What I see, then, in my head is what I endeavor to paint. Time at these expressive moments seem to slows down to a standstill. But then in few moments this is followed by the heavy darkness of night.”

 

Historically, the development of seasonal landscape painting was essentially mastered by the Chinese. Its scenic, contemplative, and nostalgic beauty is considered to have never been equaled or surpassed. Painting was regarded as another word for feeling, and for wandering in the marvels of nature.

 

In the West, particularly in Holland's Golden Age, landscape painting became an important subject for artists.

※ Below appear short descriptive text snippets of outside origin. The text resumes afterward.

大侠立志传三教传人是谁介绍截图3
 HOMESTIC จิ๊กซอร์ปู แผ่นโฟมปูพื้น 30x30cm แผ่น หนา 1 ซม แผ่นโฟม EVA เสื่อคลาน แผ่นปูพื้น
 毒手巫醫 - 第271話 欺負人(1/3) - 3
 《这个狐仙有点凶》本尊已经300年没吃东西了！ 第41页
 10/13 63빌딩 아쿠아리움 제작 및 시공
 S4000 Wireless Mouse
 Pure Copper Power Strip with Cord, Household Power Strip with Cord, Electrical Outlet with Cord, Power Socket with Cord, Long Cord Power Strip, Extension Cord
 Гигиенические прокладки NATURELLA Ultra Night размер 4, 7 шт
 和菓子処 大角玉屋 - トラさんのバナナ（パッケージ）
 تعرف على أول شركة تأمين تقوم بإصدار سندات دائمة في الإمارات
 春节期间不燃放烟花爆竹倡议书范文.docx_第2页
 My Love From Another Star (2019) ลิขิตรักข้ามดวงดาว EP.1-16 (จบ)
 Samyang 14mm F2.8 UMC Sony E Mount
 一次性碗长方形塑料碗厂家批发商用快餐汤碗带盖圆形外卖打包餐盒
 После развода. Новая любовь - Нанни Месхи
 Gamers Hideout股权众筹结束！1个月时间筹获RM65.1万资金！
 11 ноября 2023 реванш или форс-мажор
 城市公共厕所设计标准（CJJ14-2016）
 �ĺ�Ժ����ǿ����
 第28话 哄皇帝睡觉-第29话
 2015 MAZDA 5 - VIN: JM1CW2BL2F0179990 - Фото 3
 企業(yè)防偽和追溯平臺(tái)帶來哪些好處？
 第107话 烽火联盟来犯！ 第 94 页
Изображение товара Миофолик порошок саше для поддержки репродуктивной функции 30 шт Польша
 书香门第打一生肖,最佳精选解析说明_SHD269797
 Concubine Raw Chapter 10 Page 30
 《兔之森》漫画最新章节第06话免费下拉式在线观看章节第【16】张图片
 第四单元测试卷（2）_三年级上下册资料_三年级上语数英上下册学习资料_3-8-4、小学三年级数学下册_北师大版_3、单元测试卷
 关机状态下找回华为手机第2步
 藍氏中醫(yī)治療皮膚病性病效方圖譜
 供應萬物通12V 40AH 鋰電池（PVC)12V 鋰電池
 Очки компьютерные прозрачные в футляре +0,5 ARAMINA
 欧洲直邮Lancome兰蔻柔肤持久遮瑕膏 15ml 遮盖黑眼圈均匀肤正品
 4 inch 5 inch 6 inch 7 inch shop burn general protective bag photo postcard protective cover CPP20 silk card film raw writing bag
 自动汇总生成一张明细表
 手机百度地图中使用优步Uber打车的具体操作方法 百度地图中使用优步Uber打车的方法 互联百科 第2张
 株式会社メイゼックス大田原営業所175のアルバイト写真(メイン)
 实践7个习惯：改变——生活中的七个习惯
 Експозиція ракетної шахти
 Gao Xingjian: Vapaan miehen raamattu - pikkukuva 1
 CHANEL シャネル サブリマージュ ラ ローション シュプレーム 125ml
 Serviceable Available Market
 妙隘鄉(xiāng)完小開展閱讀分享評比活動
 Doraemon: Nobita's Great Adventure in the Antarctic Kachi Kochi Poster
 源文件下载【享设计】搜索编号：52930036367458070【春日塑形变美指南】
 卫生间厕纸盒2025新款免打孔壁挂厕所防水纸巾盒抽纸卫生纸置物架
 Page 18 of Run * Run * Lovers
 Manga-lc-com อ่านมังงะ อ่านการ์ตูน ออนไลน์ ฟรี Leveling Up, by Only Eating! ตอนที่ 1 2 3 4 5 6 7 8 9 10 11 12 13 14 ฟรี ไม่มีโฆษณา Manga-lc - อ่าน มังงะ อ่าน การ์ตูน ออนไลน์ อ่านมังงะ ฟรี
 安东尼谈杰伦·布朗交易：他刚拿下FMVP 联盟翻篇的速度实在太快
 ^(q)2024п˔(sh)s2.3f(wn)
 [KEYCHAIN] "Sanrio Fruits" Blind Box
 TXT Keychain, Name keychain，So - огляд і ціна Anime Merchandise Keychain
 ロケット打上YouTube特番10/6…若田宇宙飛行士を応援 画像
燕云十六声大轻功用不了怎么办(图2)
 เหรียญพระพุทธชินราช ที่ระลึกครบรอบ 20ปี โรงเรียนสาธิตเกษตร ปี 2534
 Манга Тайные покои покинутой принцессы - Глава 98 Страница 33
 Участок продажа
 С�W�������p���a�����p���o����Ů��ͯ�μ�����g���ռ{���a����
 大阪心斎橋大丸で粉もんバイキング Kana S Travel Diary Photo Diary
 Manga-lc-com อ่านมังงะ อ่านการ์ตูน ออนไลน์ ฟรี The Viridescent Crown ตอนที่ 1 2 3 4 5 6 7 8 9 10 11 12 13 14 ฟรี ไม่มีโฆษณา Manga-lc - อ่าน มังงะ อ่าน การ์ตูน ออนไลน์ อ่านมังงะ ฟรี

Even Rembrandt, the master of figure painting, was fascinated by the subject of landscape painting. The stormy skies, the dunes and country roads later amalgamated to became an amorphous background and backdrop in his paintings.

 

Among the following generations of painters a new pictorial language for the landscape was established; gradually interweaving realistic and imaginary motifs. Today, the various motifs and devices, the startling 'independent' colors, sometimes, but not always, have integrity of their own. In some ways they are regarded as cultivation and an enhancement of that long and fascinating process of communicating personal visions, meanings and endeavors of the artist. 

 

The recording and recalling these fleeting images in Safwat’s painting enhances the indulgent eye and provides the basis to enduring aesthetic experience. “To record what I saw in those seconds – flashes almost imperceptible – has been my task in almost all the paintings that I have painted.”

 

The artist, working entirely in oils, has developed his own style in private while carving out a career as a noted scholar of Islamic art and the calligraphy of the Muslim world as a celebrated author, broadcaster and lecturer on Islamic art history.

 

Safwat studied fine arts and art history in the US, and received his PhD in Islamic art history from the School of Oriental and African Studies (SOAS), University of London. He has written extensively on the subject of calligraphy. His published books are: The Art of the Pen, The Harmony of Letters, Golden Pages, A Collector's Eye, and Understanding Calligraphy.